Сложил купленную еду в холодильник.
Вытащил из-под Люджины одеяло, снял тапочки, подтянул спящего воробья на подушку, укрыл. Ну нянька, чисто нянька.
Выключил свет и закрыл за собой дверь.
Середина октября, Иоаннесбург, Зеленое крыло
Майло Тандаджи, четверг
Начальник разведуправления Рудлога мрачно смотрел на телефон. За окном было светло, время только-только перевалило за полдень, парк умиротворяюще шуршал зябким октябрьским ветерком, но тидуссу было далеко до умиротворения. Пару часов назад дверь его кабинета, незаметно приоткрытая на время скандала, захлопнулась за «взбешенным» и «полупьяным» Кембритчем. С утра тидусс убедился: все газеты и каналы показали кадры вчерашнего задержания нетрезвого и веселящегося виконта. Распорядился, чтобы подопечного выпустили под залог, направил к нему виталистов – поправить лицо, потому что выглядел Кембритч как очкастая змея с опухшим носом.
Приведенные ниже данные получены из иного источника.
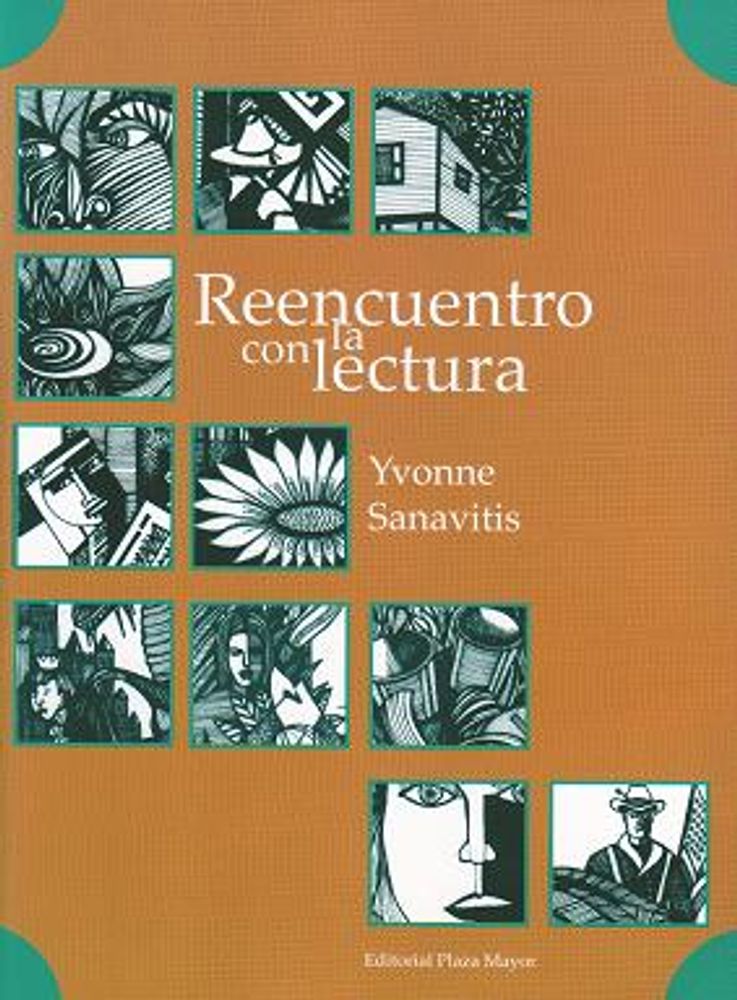 REENCUENTRO CON LA LECTURA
И вызвал к себе, чтобы с треском уволить.
Тандаджи сомневался. Излияния Люка на тему «да идите вы со своими нотациями, живу как хочу, ноги моей здесь больше не будет, да и плевать, сажайте в тюрьму» должны были хорошо слышать все сотрудники, как и его ровную отповедь. И если в Управлении есть крыса, приманку она скушать должна, не поморщившись.
Но есть ли? И, если есть, возможно, она никак не связана с заговорщиками, а просто напрямую предупреждает чиновников и магнатов о проверках?